Kenan Malik affirme que la politique française a consisté à fermer les yeux sur le racisme par le fait d'être aveugle à la couleur et à utiliser l’exigence d’« assimilation » comme moyen de distinguer certains groupes (les juifs autrefois et les personnes d’origine nord-africaine et les musulmans de nos jours) comme n’appartenant pas véritablement à la nation. Ainsi, selon lui, l’« universalisme » est devenu une arme pour souligner les différences de certains peuples avec le peuple français et justifier leur marginalisation. La France a selon lui un défaut partagé avec les États-Unis : elle traite trop souvent ses citoyens non pas comme des individus mais comme des membres de communautés raciales ou ethniques. Il propose une solution allant au-delà du multiculturalisme et de l'universalisme républicain: la création d'une perspective universaliste qui accepte l’égalité de traitement mais ne nie pas la réalité des inégalités raciales[26].
L'humaniste Xavier Chabois-Chouvel explique que les détracteurs de l'universalisme républicain reprochent à l’universalisme son caractère abstrait. Il explique que s'il est vrai que la République universelle reste une utopie, l’idéal qu’elle recouvre a pourtant investi le champ politique et institutionnel. Pour Chabois-Chavel, pour comprendre l'universalisme, il ne faut pas confondre le mondialisé et l’universel. En effet, selon lui, l'universalisme républicain permet l'affirmation de son identité individuelle et si l’universalisme refuse le relativisme, cela n'est que pour condamner des pratiques qui, au nom de la diversité culturelle, constituent des négations factuelles à la dignité humaine. Il reconnaît également que la République française n'a pas encore accompli l'universalisme et l'a peut-être trahi mais il explique qu'il est nécessaire de convenir que « l’universalisme républicain est un principe d’intégration, non une description de la réalité » et que « la trahison d’un principe ne l’invalide pas »[27].

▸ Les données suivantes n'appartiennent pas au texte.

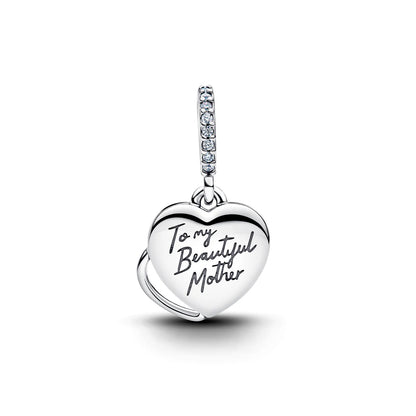 Beautiful Mother Double Dangle Charm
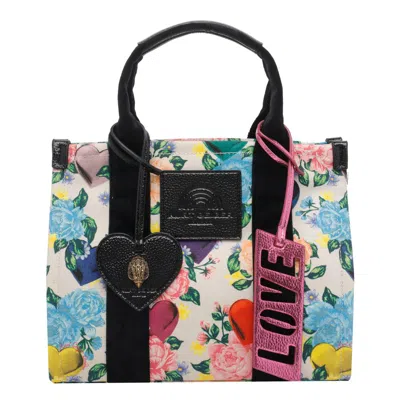 Kurt Geiger Multicolor Small Southbank Tote Bag In Black
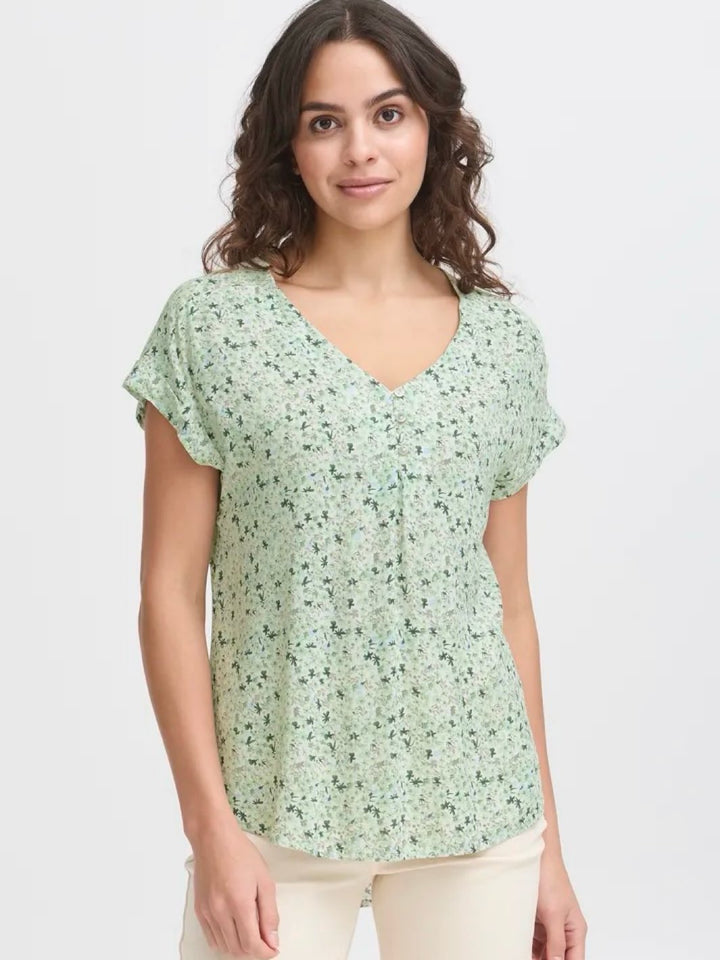 BLUSE FRHEAT ICEBERG GREEN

Selon Georges Kuzmanovic, ex-orateur national de la France Insoumise, les critiques contemporains de l'universalisme républicain ne condamnent jamais les rigueurs que l’universalisme républicain fit jadis supporter aux catholiques et se désintéressent du sort qu’il réserve aux bouddhistes et aux confucéens, pour se concentrer sur son caractère prétendument discriminant vis-à-vis des adeptes de la religion musulmane. En effet, Kuzmanovic constate que les opposants à la notion d’universalisme réagissent rarement lorsqu’on condamne les manifestations des intégristes chrétiens, alors qu’en théorie, ils devraient défendre toutes les communautés religieuses. Selon lui, si aujourd’hui, en France, les universalistes tendent à critiquer plus souvent l’islam que les autres religions, ce n’est pas par islamophobie, mais en raison d'une fraction des pratiquants de cette religion qui défie l’autorité laïque de la République en faisant preuve d’une radicalité particulière tout en se référant à une autorité religieuse supranationale. Il explique qu'une personne universaliste voit le problème comme non spécifique à aucune religion en particulier, ni même aux religions dans leur ensemble mais à la volonté d’hégémonie qui les caractérise dans un lieu et à un moment donné[28].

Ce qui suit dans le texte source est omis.